Book review: Climb aboard the Highland Falcon for a thrilling new steam train mystery
- Like Agatha Christie's 'Murder on the Orient Express', this is set on board a train.
- The retro detective story pays tribute to classic crime writers
The Highland Falcon Thief
By M. G. Leonard & Sam Sedgman
Published by Macmillan
ISBN 978 1529 0130 61
Agatha Christie, the famous British mystery writer, loved trains. “As for trains – what can beat a train? To travel by train is to see nature and human beings, towns and churches and rivers – in fact to see life,” Christie said. She even set two of her best-loved detective novels on steam trains - Murder on the Orient Express and The Mystery of the Blue Train, where massive and magnificent steam locomotives roared their way through the countryside.
M. G. Leonard and Sam Sedgman’s new series of novels, Adventures on Trains, is set in that era of steam locomotion. The Highland Falcon Thief is a steam train trip full of deception, detection and thrills.
While giving more than a nod to Christie’s Orient Express, this new novel has its own track to speed along, and the crime to solve is theft, not murder.
Hal Beck’s parents need him out of the way, so when the chance to take a trip with his travel writer uncle comes up, Hal is quickly packed off to join Uncle Nat in London.
Nat is steam-train-obsessed, and he’s taking Hal on the last-ever journey of the soon-to-be-retired steam train, the Highland Falcon. But Hal doesn’t share his uncle’s excitement. In fact, he has trouble thinking of anything that could be more boring than a three-day train trip to Scotland with an uncle he hardly knows.

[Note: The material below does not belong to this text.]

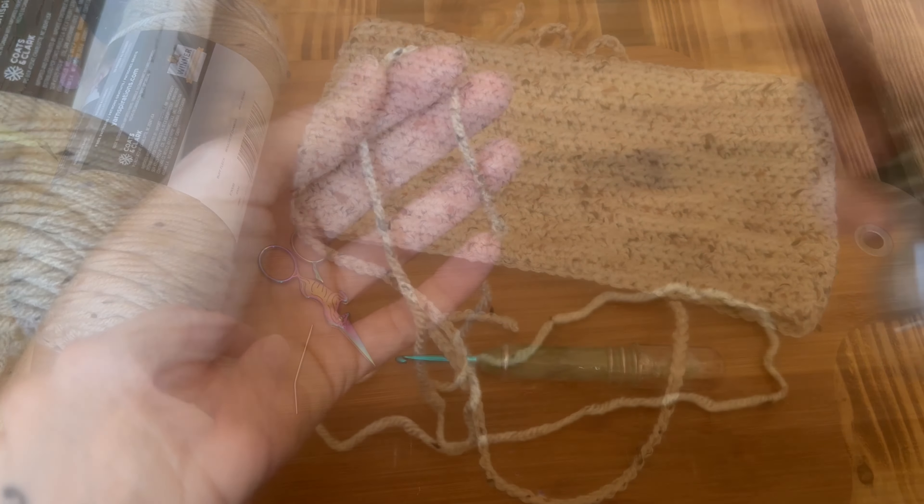Now that you have your chains done, we are going to work half double crochets back along our chain. Yarn over, skip the stitch right next to your hook, insert into the next stitch, pull up a loop, yarn over and pull through all three loops on your hook. Go ahead and do that all the way down your chain until you get to the other side.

But things get interesting when an odd bunch of passengers climb on board the train. Leonard and Sedgman have assembled an interesting bunch of fellow travellers including a shifty, self-made millionaire, a selfish actress, a not-to-be trusted baron and his son, and a high and mighty female aristocrat. All of them become perfect suspects when the crime is committed.
Things seem less bleak for Hal when he makes friends with Lenny, the daughter of the train driver. Lenny shouldn’t be on the train at all, but she is a massive steam train buff, and soon her enthusiasm rubs off on Hal.
When three pieces of valuable jewellery are stolen, the detection narrative takes off as Hal and Lenny collect evidence, and the finger of suspicion moves from one passenger to the next.
The build-up to the crime and its consequences are expertly plotted, and the final reveal certainly doesn’t disappoint the reader.
The writers have put together a first-class page-turner in this first book in the series.
The setting and plot of the train-set mystery might not offer anything new, but The Highland Falcon Thief is a fast-paced and exciting read for pre-teen readers. It’s exciting to think where the next journey could take us - the Orient Express, perhaps?